It’s getting late in the month. Either you’re ticking along with no problems or you’re getting a little desperate by now. Either way, this fill-in-the-blanks prompt should help you come up with a story today.
A [adjective, unlike you] [noun, like you] decides to [action – something reasonable] except [something unreasonable]
- Here’s my example: a fitness-obsessed 40-something woman decides to train for a marathon except her husband objects.
- I’ll have to drill down into why her husband might object, what kind of woman is she, what she thinks running a marathon will do for her, what she will never do, what she needs to do, what the state of her marriage is now and will be if she ignores his objections, if that matters to each of them. Then I’ll have to decide on her voice, whether she is strident, aggressive, funny, charming, wheedling, whiney, a doormat. I’ll have to decide when to enter this story (when she tells him her plans, when she’s already half way through the race reflecting on how she got there, when she’s in divorce court, retelling the story…)

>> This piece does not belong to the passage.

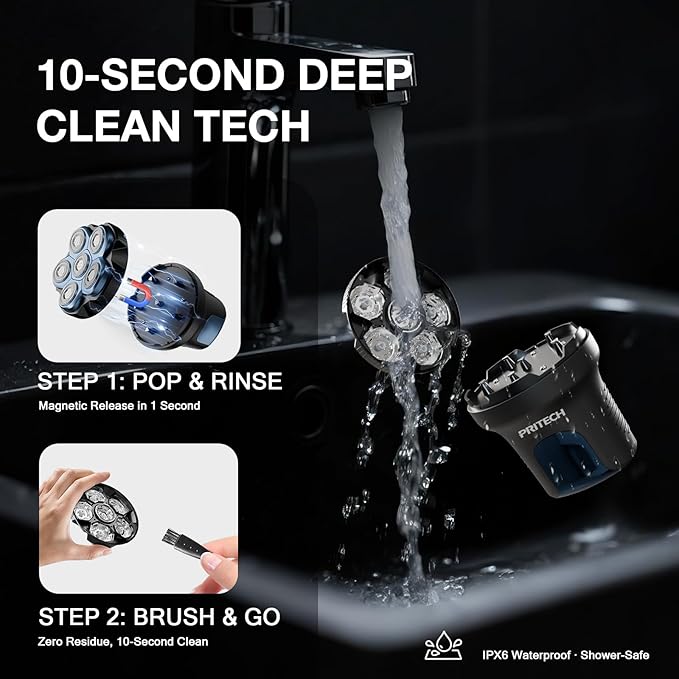 PRITECH Head Shaver for Bald Men - Effortless 6D Floating ShaveElectric Head Shavers for Men &amp Bald Head ShaversWaterproof Cordless Razor for Smooth ScalpFace &amp Perfect Beard2-Speed80Min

- You can flip the ‘unlike me’ and ‘like me’ and the ‘reasonable/unreasonable’ tags if that makes the process more fun for you.
- Even the most mundane of ideas can become something wonderful if you think hard enough about pieces and let the characters come alive.
- Don’t over-write this. Think hard, then imply. Remember, if you’re telling a story to your best friend, you don’t give her much backstory, and you certainly don’t give her both sides of the story. Write this story that way.
- This story will work best if you let one voice ring out strongly, with all the whitewashing and self-justification we do without noticing!